***** Data provided

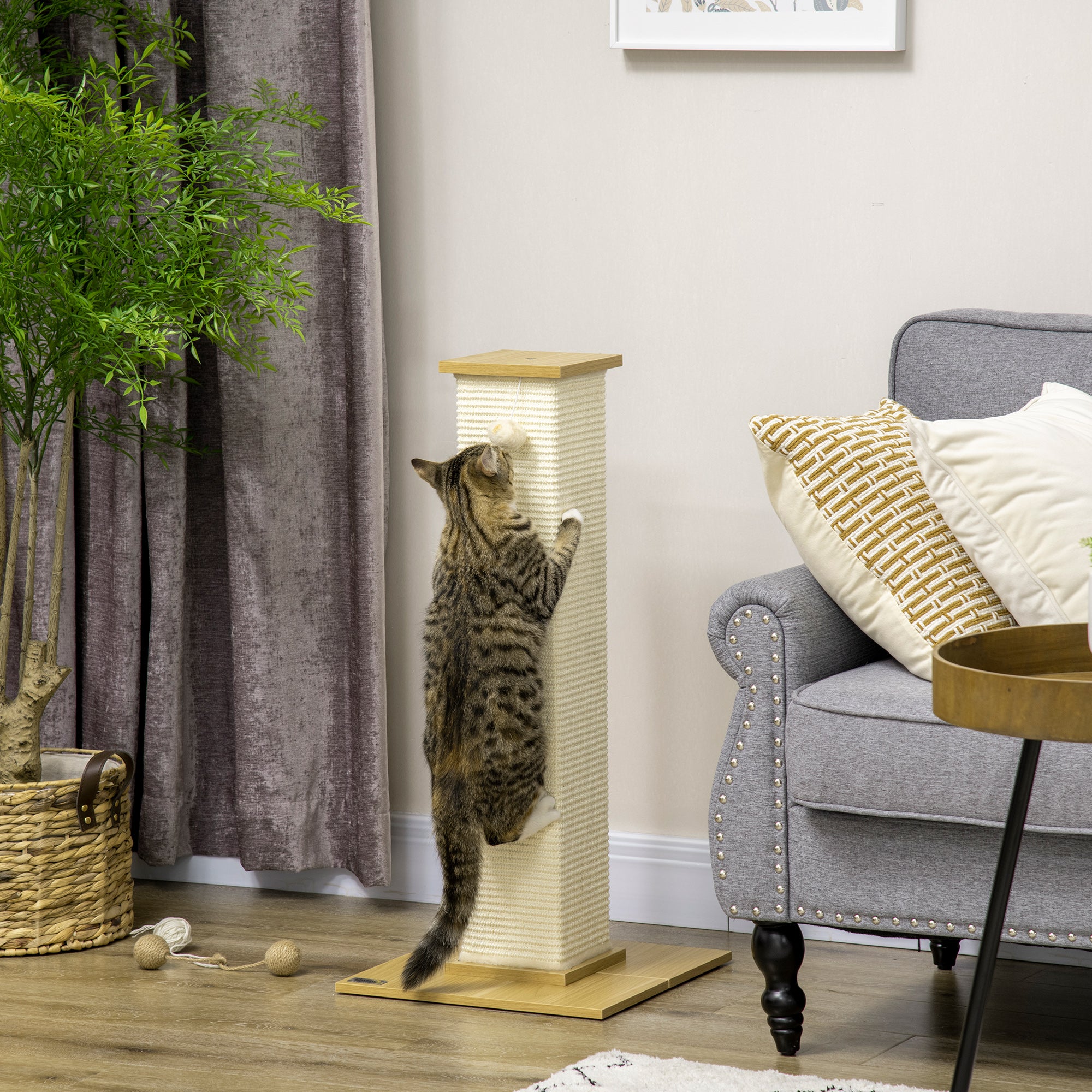 Scratching Post, 80 cm, Scratching Post for Cats with Play Ball, Sisal Rope Scratching Post, Cat Scratcher with Scratching Board, Cat Furniture, Oak+Cream White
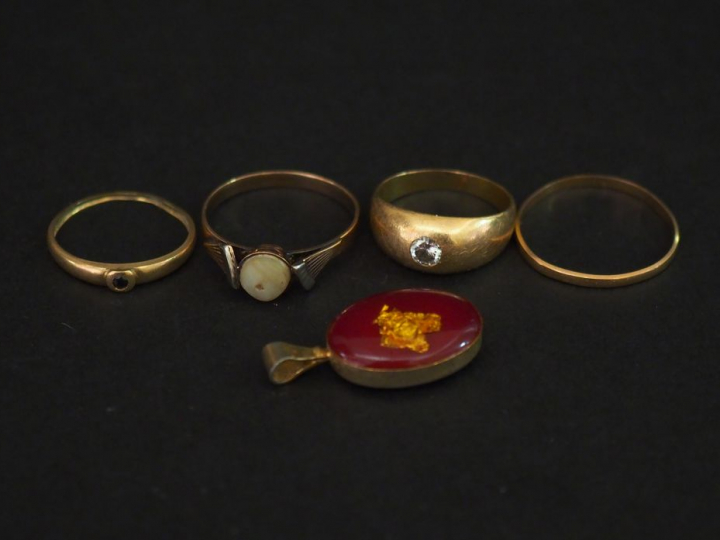 Ensemble comprenant :  - une bague dôme en or jaune, agrémentée d'un p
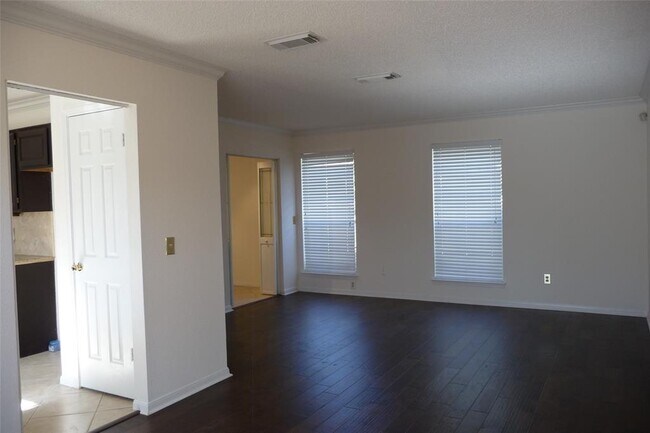Building Photo - 3422 Hidden Creek Dr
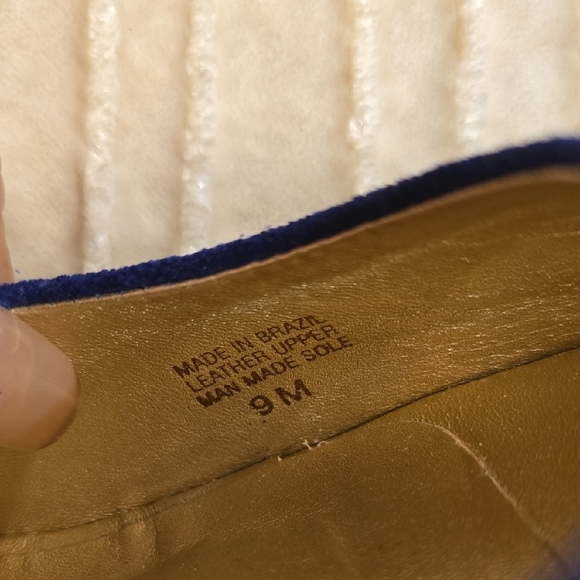 Lilly Pulitzer Blue and Gold Wedges with Elegant Design - Picture 13 of 13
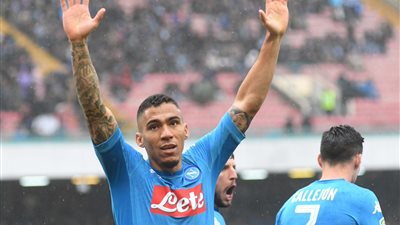 نجم نابولي الإيطالي على رادر مانشستر سيتي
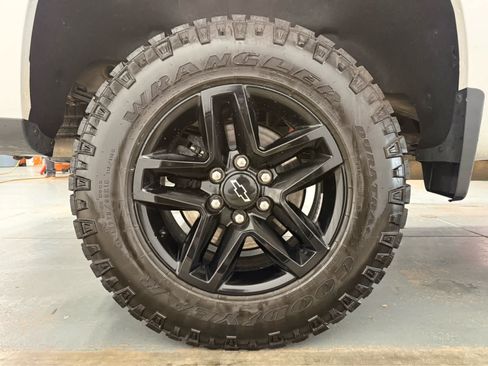 Used 2022 Chevrolet Silverado 1500 LT Trail Boss w/ Convenience Package II AWD/4WD image 10
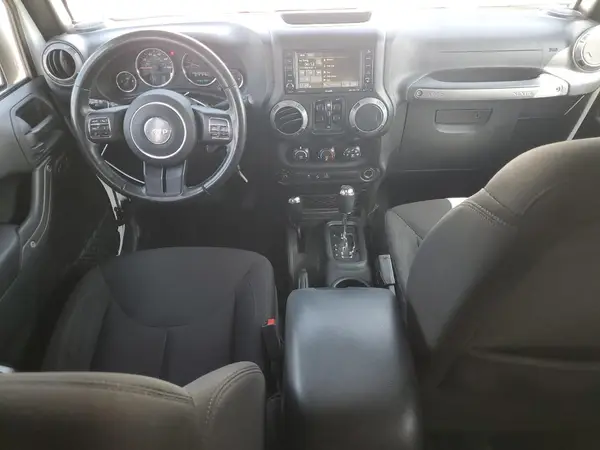 1C4BJWDG3HL506870 2017 JEEP WRANGLER - Image 8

**********

**What the task requires:**
No pictures belong in the answer; copy all other parts of the listing exactly.

**Task response:**
 Scratching Post, 80 cm, Scratching Post for Cats with Play Ball, Sisal Rope Scratching Post, Cat Scratcher with Scratching Board, Cat Furniture, Oak+Cream White
 Ensemble comprenant :  - une bague dôme en or jaune, agrémentée d'un p
Building Photo - 3422 Hidden Creek Dr
 Lilly Pulitzer Blue and Gold Wedges with Elegant Design - Picture 13 of 13
 نجم نابولي الإيطالي على رادر مانشستر سيتي
 Used 2022 Chevrolet Silverado 1500 LT Trail Boss w/ Convenience Package II AWD/4WD image 10
 1C4BJWDG3HL506870 2017 JEEP WRANGLER - Image 8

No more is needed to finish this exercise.